Three things are happening:

1. My bank account was shut down without any explanation or reasoning. Luckily, I don't keep a lot of money in there because I don't trust banks. Hmm, wonder why.

2. Bill collectors are calling my family for me.

3. This is pissing me off. 

Like any parent would lovingly, do my parents raised me to be loving, naive, and trusting. Those are all good qualities in some way but now being almost 27-years-old, it's not. Not in this generation. I'm bringing new light to a more modern practice: teach your kids to not trust anyone. 

My dad gave me a pretty good tool when I was younger. He said, "Promise me you will never co-sign anything. That way, when you're an adult, you can say you promised your dad you didn't." That was that. I never co-signed anything. 

I'm pretty sure I know exactly how my identity was stolen, who did it, and why. Being the sweet, loving naive teenager that I was, I had been forced to live in a world where I didn't really want to. I was asked for my information for taxes. "Sure," I told them.

Then I lovingly handed out my social security number like an M&M without consulting my parents because I was legally adult and knew everything in life. (Ha!) 

I let them claim me as an dependent, as was legally right. Then, I went on my merrily little way and lived my life while two mortgage loans and one auto loan was applied for without my knowledge.

Luckily, those loans, as far as I know, were not accepted and were declined. For the first time in my life, I'm glad I don't own a giant home or a car worth over $25,000 that I could have been stuck paying for in the years to come. What else has happened? I don't know. Frankly, that scares me.

Through this experience, I realize that I'm being lied to every damn day. Every day, I check my e-mail and find something like my Apple iPod account was suspended. Which is interesting.

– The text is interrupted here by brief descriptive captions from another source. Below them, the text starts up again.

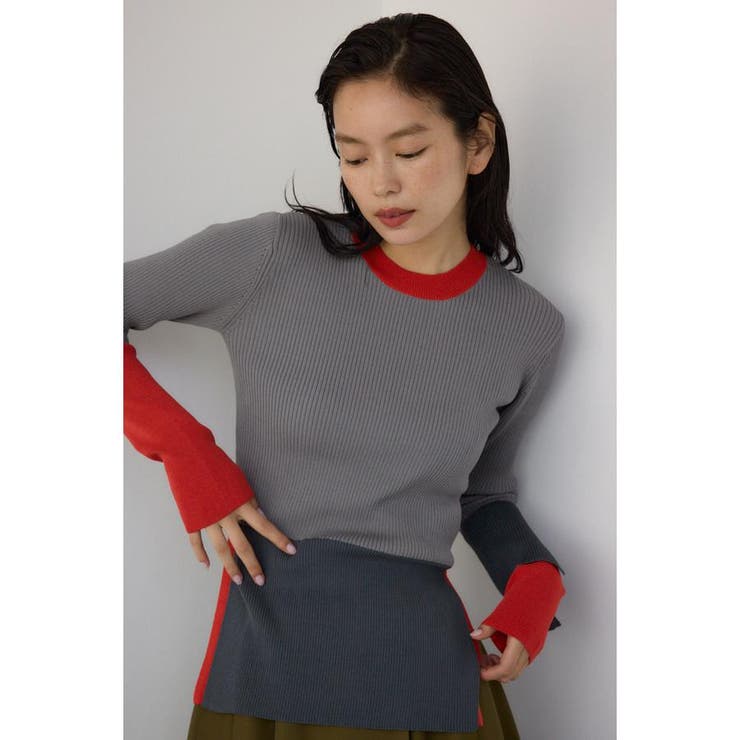 カラーブロッキングリブニット | AZUL BY MOUSSY | 詳細画像33 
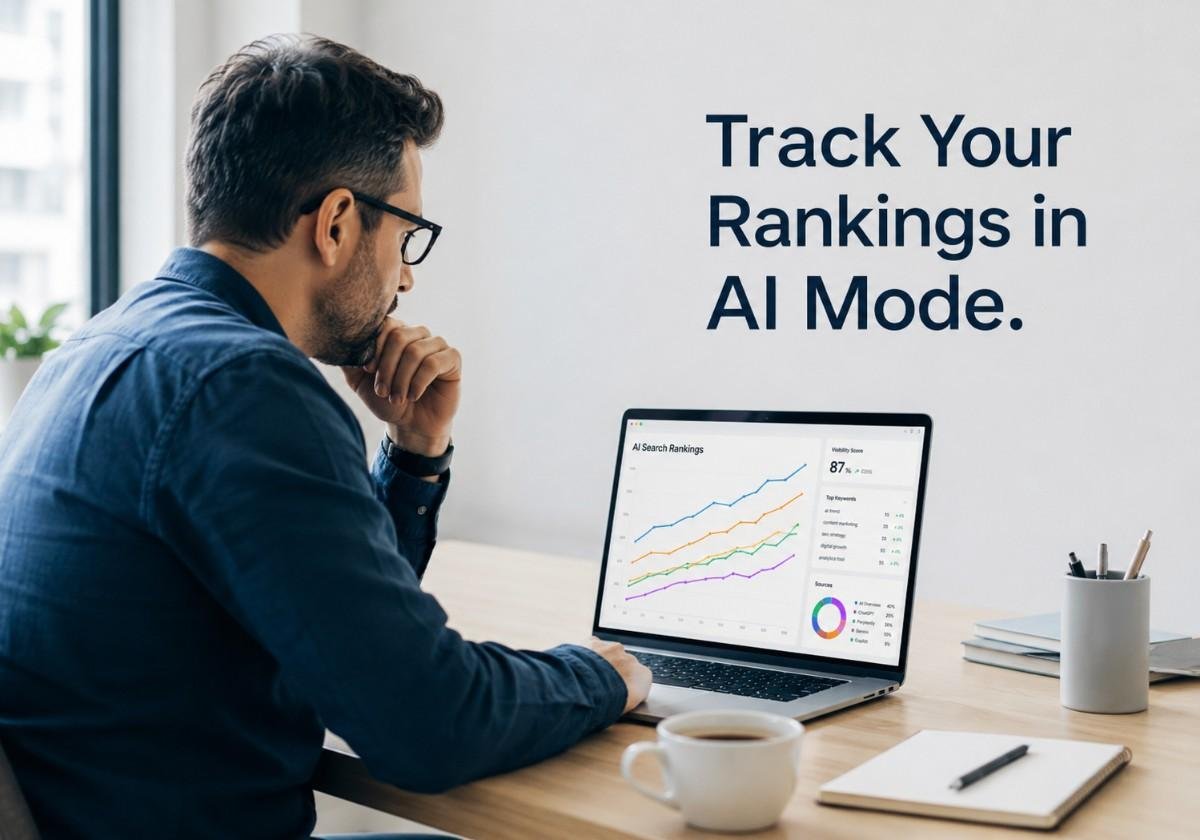 rank tracking tool ai mode dashboard shown on laptop screen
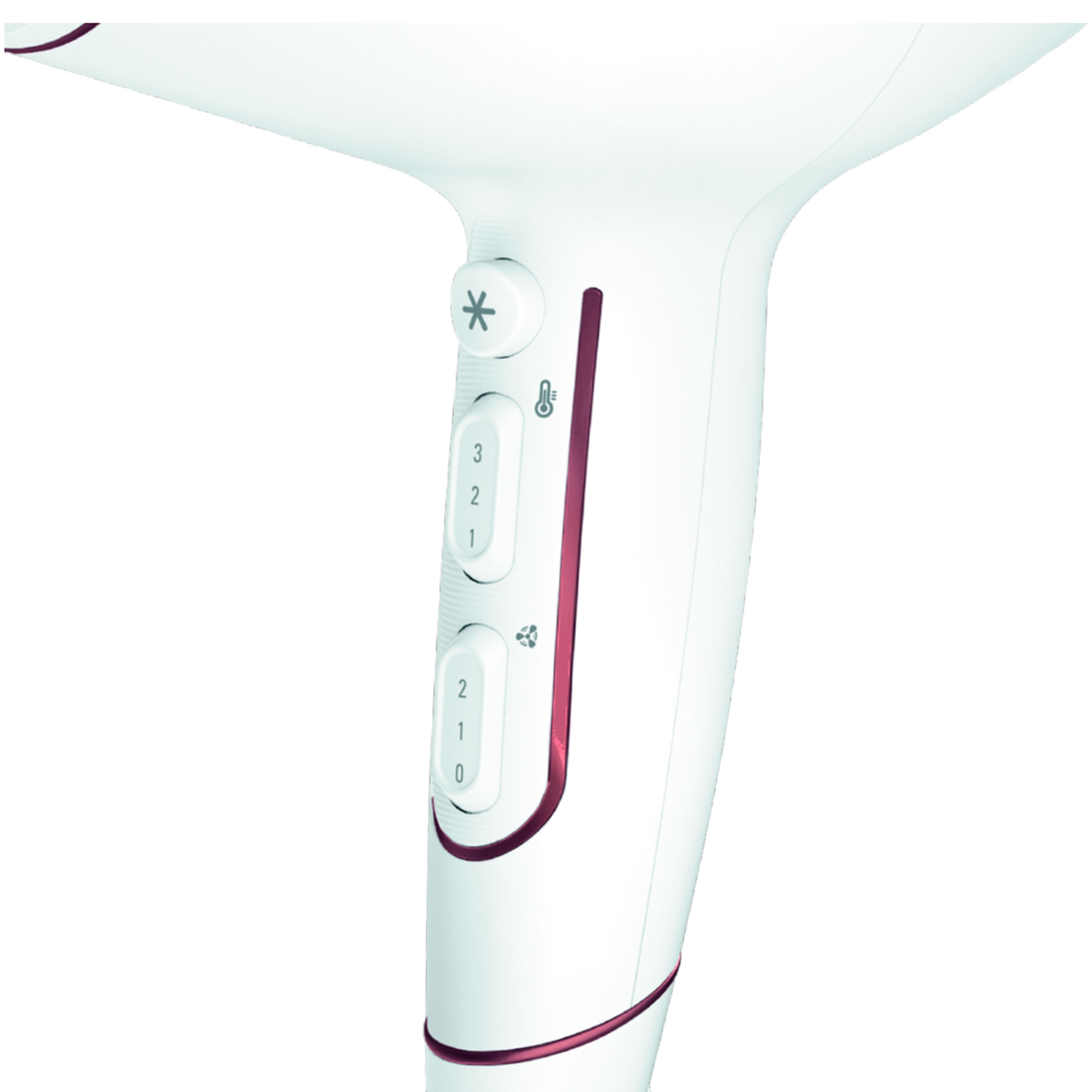 Biała suszarka do włosów z przyciskami i regulacją temperatury, zbliżenie.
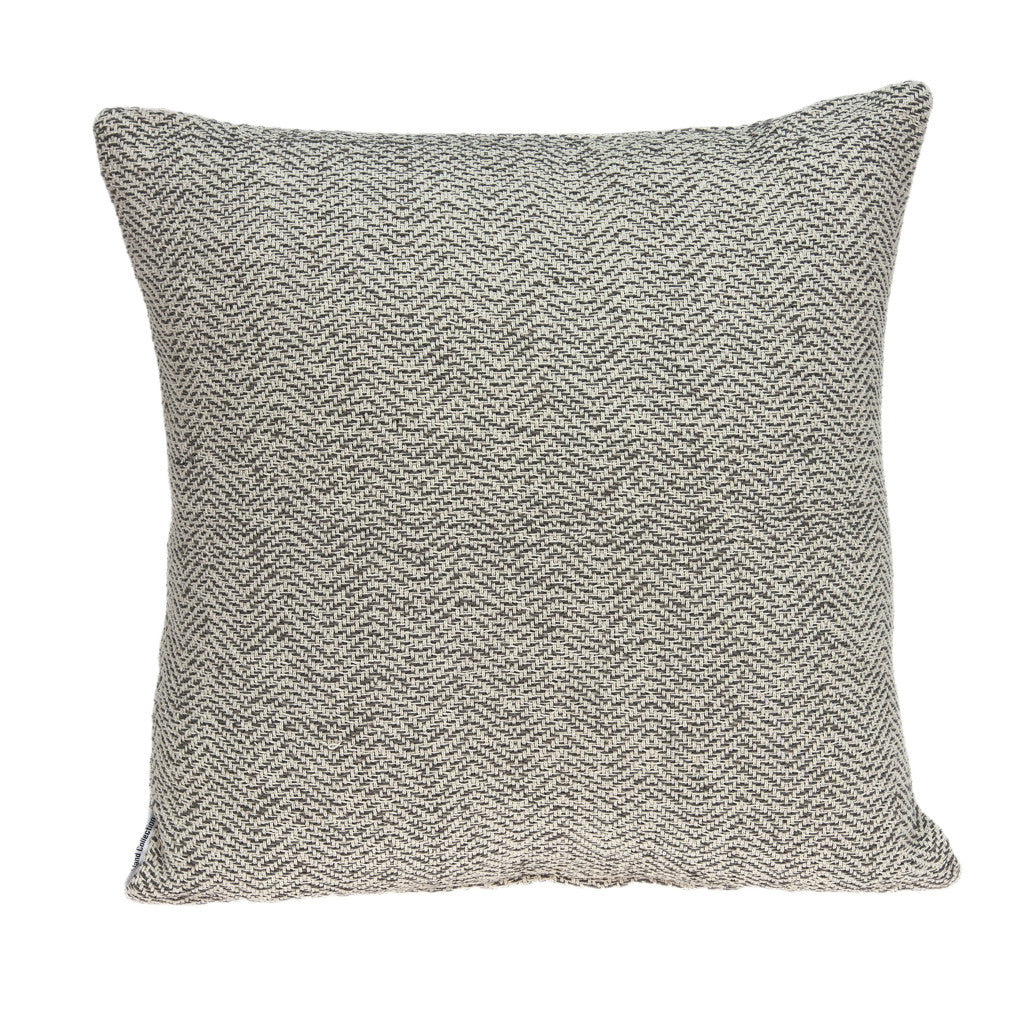 20" Beige and Gray Herringbone Cotton Throw Pillow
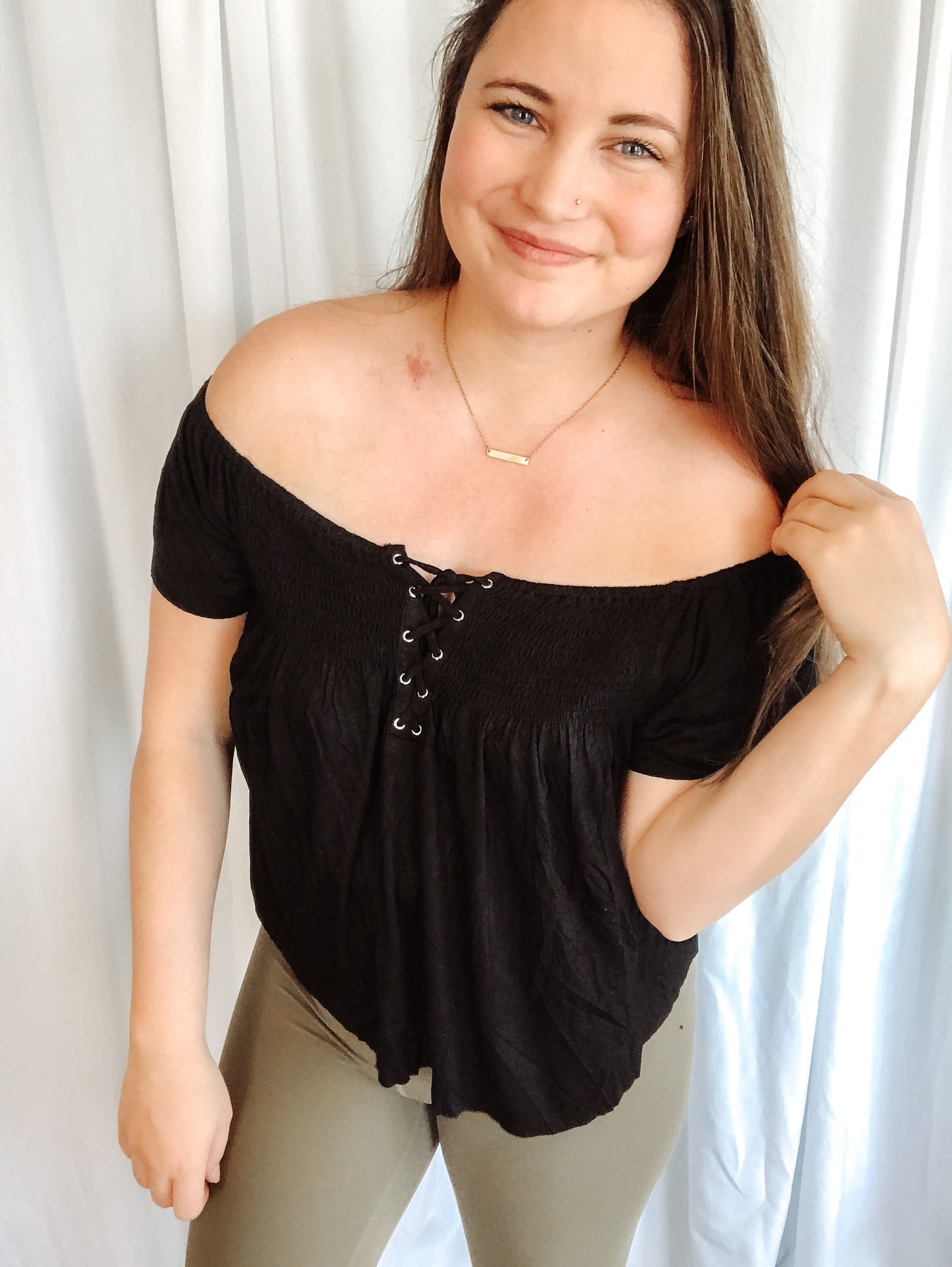 Smocked Off The Shoulder Top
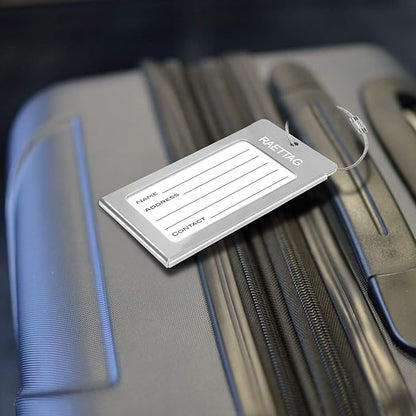 Luggage Tags Metal Suitcase Tags Travel Bag ID Identifier Luggage Tag (Silver 2-Pack)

Because I don't have one. 

Or, I find out my account was hijacked, or suspended, or something else and 90% of the time it's a phishing scam or someone in Nigeria needs help or someone is interested in hiring me for printing checks which are all freaking scams. 

I can't even advertise my business for more than 10 minutes without at least one email asking if Ahmad's assistant can pick up my used sofa for $5,000 if I return the rest of the cash back to Timbuktu.

What is my point?

1. Teach your kids to not trust people with their information. 

2. Help your kids find out how to start saving for home before they move out. Early. Way earlier. Like age 13 and putting 15-20% of everything in the bank earlier. I know this sounds unrelated but it's NOT. 

3. Don't make them doormats. Obeying is a great quality to have as a child most of the time. In adulthood, it's not always a great quality to have. "No" can be an exception.

4. Let the kid dream and help them dream.

When I was about 13, I would create blueprints of homes and design my dream house. I would scan through and through of the free Real Estate catalogs and say, "I want this house. I like that house. I can live in that house. I don't like that house." 

Be supportive and help. If they make mistakes, so what. Who cares? As long as their identity isn't stolen. I'm serious, you guys. You've got 18 years of children and the rest you have adults. Don't let them be screwed over before they even have a chance to start.